Sendo algo que tem uma grande componente cultural no nosso país, era também importante não associar o consumo de álcool (sobretudo numa base diária) a um conceito absurdo de masculinidade. Cerveja com favaios ao pequeno-almoço ou café com cheirinho a seguir ao almoço numa base semanal não é “de homem”, é só parvo. Também às muitas pessoas que trabalham na área da restauração/bebidas, e têm como argumento que comer e beber muito “faz parte do trabalho”, pergunte-se-lhes nas refeições seguintes se o fazem porque são obrigadas ou porque realmente até gostam dessas tainadas com clientes que se tornam amigos. E relembre-se-lhes qual é o subsídio de risco que (não) recebem da sua empresa por serem forçadas a ter comportamentos diários que colocam a sua saúde em risco. Um cancro, um acidente rodoviário ou uma fatalidade cardiovascular podem causar à sua família e amigos uma perda irreparável, mas à sua empresa uma substituição relativamente rápida.

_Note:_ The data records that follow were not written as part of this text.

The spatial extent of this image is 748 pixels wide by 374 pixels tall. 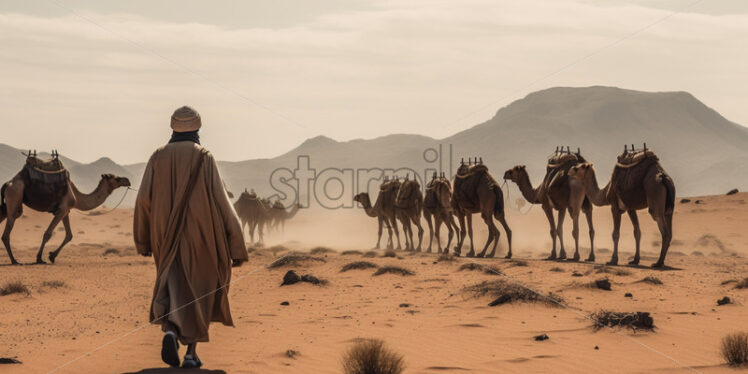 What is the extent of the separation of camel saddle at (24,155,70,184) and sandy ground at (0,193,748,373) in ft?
8.15

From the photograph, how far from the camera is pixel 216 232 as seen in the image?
29.9ft

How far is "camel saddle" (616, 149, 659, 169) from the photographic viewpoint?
2050 cm

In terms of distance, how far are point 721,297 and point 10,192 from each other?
18117mm

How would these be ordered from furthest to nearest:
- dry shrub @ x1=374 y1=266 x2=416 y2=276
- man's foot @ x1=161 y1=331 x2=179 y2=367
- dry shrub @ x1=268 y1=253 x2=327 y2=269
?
1. dry shrub @ x1=268 y1=253 x2=327 y2=269
2. dry shrub @ x1=374 y1=266 x2=416 y2=276
3. man's foot @ x1=161 y1=331 x2=179 y2=367

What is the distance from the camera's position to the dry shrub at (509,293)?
13219 mm

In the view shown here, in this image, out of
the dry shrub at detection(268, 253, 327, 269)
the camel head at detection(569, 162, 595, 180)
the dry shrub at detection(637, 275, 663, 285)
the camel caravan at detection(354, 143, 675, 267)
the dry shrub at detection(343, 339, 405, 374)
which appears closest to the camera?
the dry shrub at detection(343, 339, 405, 374)

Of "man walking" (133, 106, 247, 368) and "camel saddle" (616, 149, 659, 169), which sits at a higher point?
"camel saddle" (616, 149, 659, 169)

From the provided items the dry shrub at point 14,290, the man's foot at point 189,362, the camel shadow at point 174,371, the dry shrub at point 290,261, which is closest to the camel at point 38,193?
the dry shrub at point 290,261

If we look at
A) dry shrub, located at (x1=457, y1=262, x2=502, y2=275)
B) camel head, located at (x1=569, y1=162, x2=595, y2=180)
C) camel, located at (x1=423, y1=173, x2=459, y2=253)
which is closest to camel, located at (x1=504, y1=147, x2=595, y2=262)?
camel head, located at (x1=569, y1=162, x2=595, y2=180)

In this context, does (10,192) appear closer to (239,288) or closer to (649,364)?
(239,288)

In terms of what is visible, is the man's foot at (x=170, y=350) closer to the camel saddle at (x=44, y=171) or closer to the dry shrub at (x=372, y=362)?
the dry shrub at (x=372, y=362)

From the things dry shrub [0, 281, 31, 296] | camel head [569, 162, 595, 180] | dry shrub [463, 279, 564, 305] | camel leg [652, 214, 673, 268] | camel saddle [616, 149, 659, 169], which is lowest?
dry shrub [0, 281, 31, 296]

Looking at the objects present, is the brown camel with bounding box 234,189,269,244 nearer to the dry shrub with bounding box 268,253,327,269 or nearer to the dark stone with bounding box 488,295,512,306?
the dry shrub with bounding box 268,253,327,269

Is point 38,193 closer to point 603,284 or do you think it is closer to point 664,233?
point 603,284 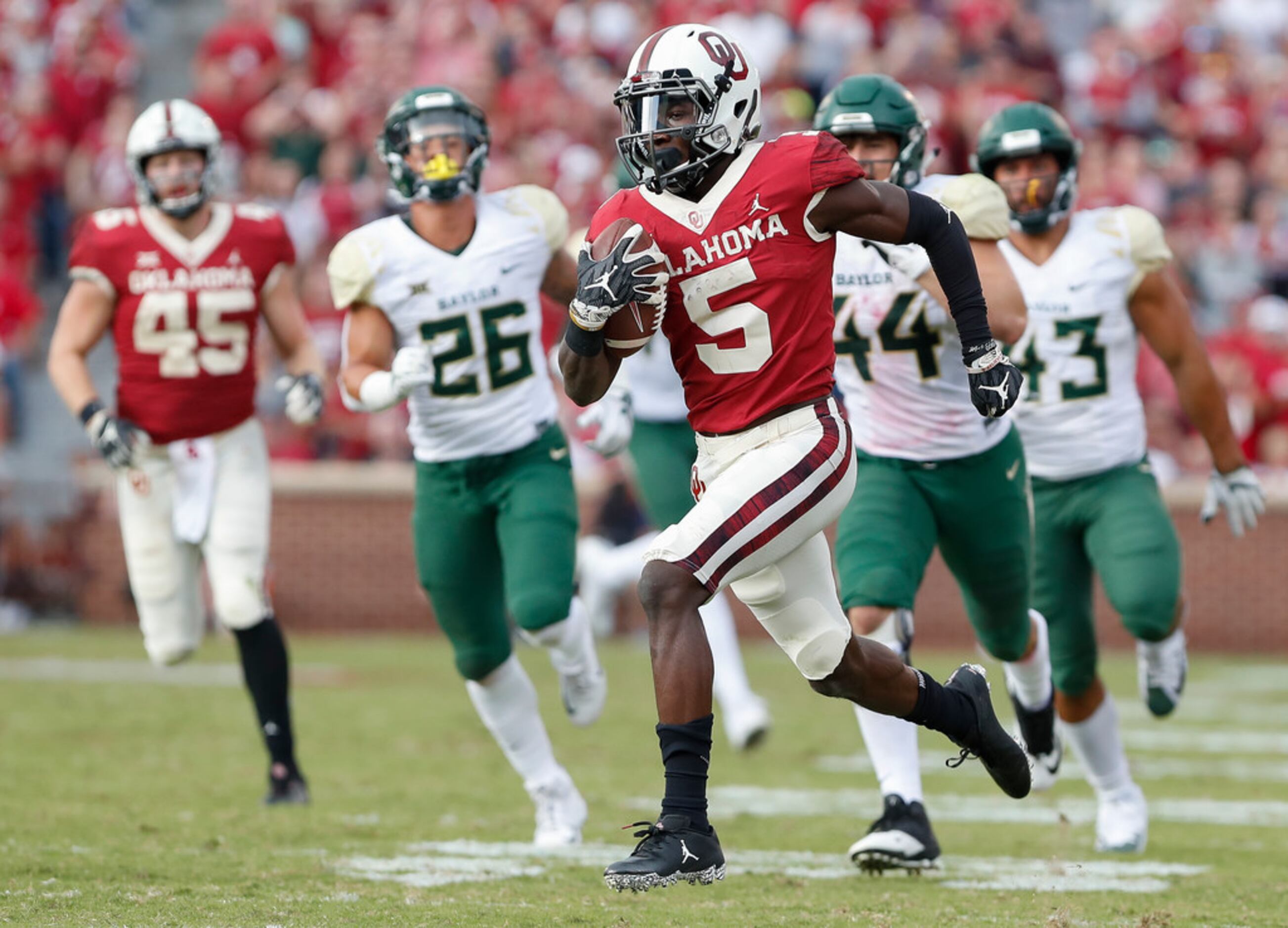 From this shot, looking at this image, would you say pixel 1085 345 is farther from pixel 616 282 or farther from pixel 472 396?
pixel 616 282

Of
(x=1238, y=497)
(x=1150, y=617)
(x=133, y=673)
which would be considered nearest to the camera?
(x=1150, y=617)

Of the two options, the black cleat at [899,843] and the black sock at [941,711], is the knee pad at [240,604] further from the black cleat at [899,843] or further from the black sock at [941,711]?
the black sock at [941,711]

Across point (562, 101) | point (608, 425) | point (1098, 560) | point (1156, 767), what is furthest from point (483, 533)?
point (562, 101)

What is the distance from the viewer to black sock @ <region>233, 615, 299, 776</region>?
20.0ft

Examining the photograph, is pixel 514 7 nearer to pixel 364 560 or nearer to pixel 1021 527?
pixel 364 560

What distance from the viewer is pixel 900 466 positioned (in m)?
5.31

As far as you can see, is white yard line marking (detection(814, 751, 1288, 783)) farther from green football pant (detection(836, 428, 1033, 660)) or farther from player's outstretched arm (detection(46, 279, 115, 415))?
player's outstretched arm (detection(46, 279, 115, 415))

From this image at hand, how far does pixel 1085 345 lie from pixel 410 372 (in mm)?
2043

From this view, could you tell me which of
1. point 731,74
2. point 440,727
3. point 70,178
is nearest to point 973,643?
point 440,727

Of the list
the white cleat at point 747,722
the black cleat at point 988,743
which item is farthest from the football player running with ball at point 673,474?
the black cleat at point 988,743

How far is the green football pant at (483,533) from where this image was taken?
547 centimetres

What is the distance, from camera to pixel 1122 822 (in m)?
5.54

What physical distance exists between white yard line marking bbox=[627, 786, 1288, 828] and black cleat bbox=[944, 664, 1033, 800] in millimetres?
1538

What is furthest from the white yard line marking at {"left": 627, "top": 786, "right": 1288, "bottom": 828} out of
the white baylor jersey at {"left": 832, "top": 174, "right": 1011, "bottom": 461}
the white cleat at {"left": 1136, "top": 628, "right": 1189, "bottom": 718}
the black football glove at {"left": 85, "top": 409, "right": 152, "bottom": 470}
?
the black football glove at {"left": 85, "top": 409, "right": 152, "bottom": 470} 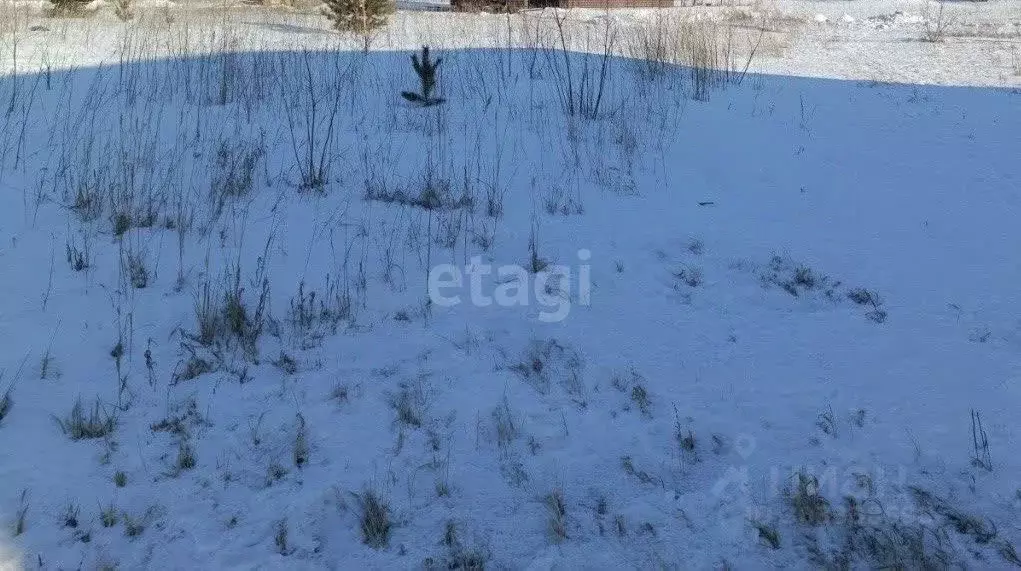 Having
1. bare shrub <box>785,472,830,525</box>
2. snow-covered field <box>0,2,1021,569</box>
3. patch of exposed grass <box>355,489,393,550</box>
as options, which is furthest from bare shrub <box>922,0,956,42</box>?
patch of exposed grass <box>355,489,393,550</box>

Se gosta de beber, sobretudo numa perspectiva mais sensorial e gourmet e sente que a vida só faz sentido se for para usufruir dessas coisas boas, aqui ficam alguns conselhos nada fundamentalistas para gerir melhor esses consumos:

  1. Evite ao máximo beber álcool nas refeições em casa durante a semana. Até porque se for um prato que “merece mesmo um vinho especial”, talvez esse prato mais pesado não seja propriamente a melhor escolha nutricional para se ter num dia banal da semana;
  2. Tente não abrir uma garrafa de vinho em casa para uma refeição a dois ou com filhos, deixando apenas para refeições de família mais alargada. Mesmo que seja a partilhar com outra pessoa e que em teoria seja apenas um copo, a probabilidade de ser mais do que isso com a garrafa já aberta é grande. E se a mesma não for terminada nessa refeição será terminada certamente no dia seguinte. Beba menos e quando o fizer beba com maior qualidade;
  3. Faça uma agenda semanal/mensal de eventos com álcool. É possível programar e atenuar o impacto do mesmo, em semanas em que existem mais convívios, aniversários e nessa fase mais casamentos (e respectivas despedidas de solteiro), comunhões, batizados. Diminuir os programas com álcool a dois quando já vamos estar expostos a uma maior quantidade de álcool em grupo faz todo o sentido;
  4. Evite beber em “rodadas” quando está com amigos e beba ao seu ritmo. Perca o “medo” de dar “parte fraca” por não beber de forma acelerada ou “de penalty“” (ou finja que bebe o shot e atire o seu conteúdo para o chão). Se bebe deliberadamente por procurar essas alterações de consciência e esse efeito desinibidor do álcool, de pouco serve quando no dia seguinte não guarda memórias nenhumas por ter bebido rápido de mais;
  5. Minimize os danos dessa exposição ao álcool com o máximo de treino que conseguir, com uma boa ingestão de água diariamente (urina sempre clara e inodora), sem recurso a solários e com boa protecção quando se expõe ao sol, e uma alimentação “imaculada” durante a semana com muita sopa/fruta/legumes para atenuar os pequenos (ou grandes) incêndios que provoca no seu corpo ao fim de semana;
  6. Identifique situações de risco. Todos temos aquele(s) amigo(s) com o qual “nunca é sempre um copo” e o copo de final da tarde repetidamente se transforma numa saída até altas horas. Às vezes as melhores histórias também acontecem assim, mas é fundamental gerir o número de vezes que isso ocorre. Nem sempre nem nunca e como diz o ditado brasileiro: “Um pouco de salada, um pouco de droga.”